Switchable DNA interfaces for the highly sensitive detection of label-free DNA targets

Ulrich Rant *,, Kenji Arinaga *,, Simon Scherer *, Erika Pringsheim *, Shozo Fujita , Naoki Yokoyama , Marc Tornow §, Gerhard Abstreiter *
PMCID: PMC2077262  PMID: 17951434

Abstract

We report a method to detect label-free oligonucleotide targets. The conformation of surface-tethered probe nucleic acids is modulated by alternating electric fields, which cause the molecules to extend away from or fold onto the biased surface. Binding (hybridization) of targets to the single-stranded probes results in a pronounced enhancement of the layer-height modulation amplitude, monitored optically in real time. The method features an exceptional detection limit of <3 × 108 bound targets per cm2 sensor area. Single base-pair mismatches in the sequences of DNA complements may readily be identified; moreover, binding kinetics and binding affinities can be determined with high accuracy. When driving the DNA to oscillate at frequencies in the kHz regime, distinct switching kinetics are revealed for single- and double-stranded DNA. Molecular dynamics are used to identify the binding state of molecules according to their characteristic kinetic fingerprints by using a chip-compatible detection format.

Keywords: fluorescence, sensor, SNP, affinity, energy transfer


With the advent of the “genomic era,” nucleic acid testing technologies have become more important than ever (1, 2). The development of oligonucleotide microarrays (3), which are DNA sensors featuring a high degree of parallelization in a chip-type format, had a tremendous impact on molecular biology and diagnostics. Today, “DNA chips” are used in numerous research laboratories for, e.g., the detection of polymorphisms in genomic DNA or RNA expression analysis. The most prominent assays are based on fluorescence methods (4), which require the cost- and labor-intensive chemical modification (labeling) of target and probe sequences with dye tags before testing. Despite their success (recently, the U.S. Food and Drug Administration approved the first DNA microarray chip as a diagnostic device), comparative experiments performed on different commercial platforms revealed disturbingly divergent results in the past (5). Alternatively, a variety of detection schemes is currently under investigation, ranging from surface plasmon resonance sensors (6, 7), electrochemical methods (8, 9), mass sensors (10), and DNA conductivity (11), to electronic field effect sensors (12, 13). In particular, it has been shown that electric field control enhances the performance of DNA microarrays and can be used to facilitate DNA transport to electrode pads (14, 15), manipulate hybridization and denaturation reactions (16), or stimulate cell lysis (17).

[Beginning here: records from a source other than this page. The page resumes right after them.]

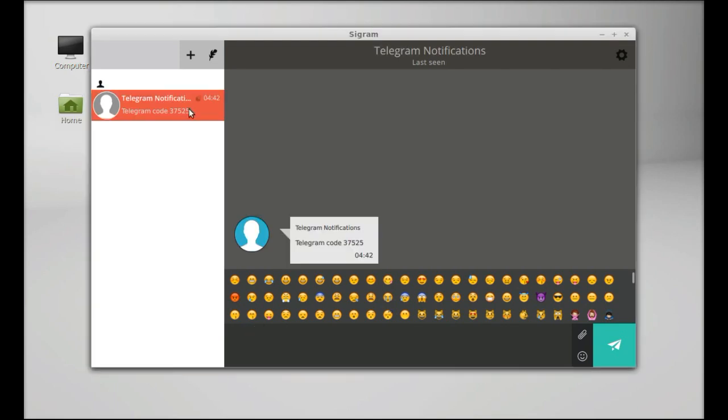This is the Telegram notification that I got as SMS. That's all for now, friends. I hope this video was helpful for you. Thanks for watching.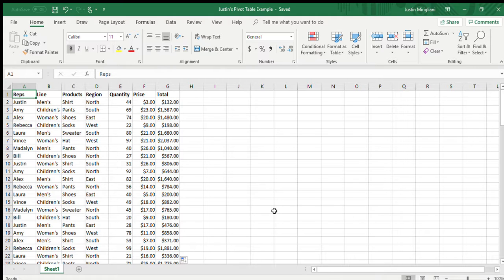What I wanted to do is just give you a quick tutorial about how to create a pivot table. Pivot tables really do a great job of analyzing very large amounts of data in really no time at all.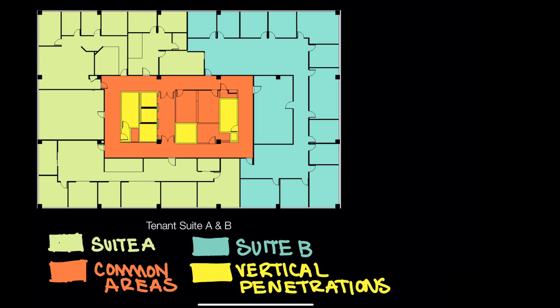In this video, we'll discuss the difference between rentable area and usable area, and we're going to learn how to calculate these areas in a simple office building example, as you see here on the screen.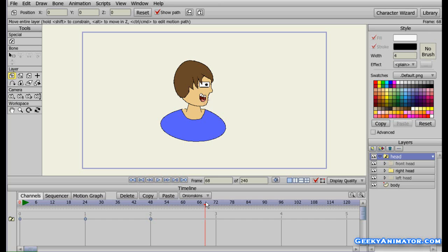You can use it for multi-purpose — if you want a person's hand with open fist, you can switch it with the closed fist if you want. Switch layer is quite handy.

In this article, we introduce a methodology for the sequence-specific detection of target oligonucleotides by DNA layers. Conceptually different from established techniques where the surface immobilized nucleic acids act as passive probes, we demonstrate that the active manipulation of oligonucleotides on surfaces allows us to monitor the binding of label-free targets in real time. Recently, we found that the structural conformation of end-tethered DNA molecules on metal substrates can be “switched” (modulated) by ac electric fields (1820). Based on the observation that the switching behavior of single strands differs from that of double-stranded helices, we devised a scheme to identify target-probe recognition (hybridization). Here, we elucidate the working principle and demonstrate the method's eligibility to provide real-time, quantitative, and sequence-specific data from which binding kinetics, affinity constants, and duplex melting transitions can be evaluated. Sequence variations can be detected with single-base-mismatch sensitivity, allowing the analysis of SNPs.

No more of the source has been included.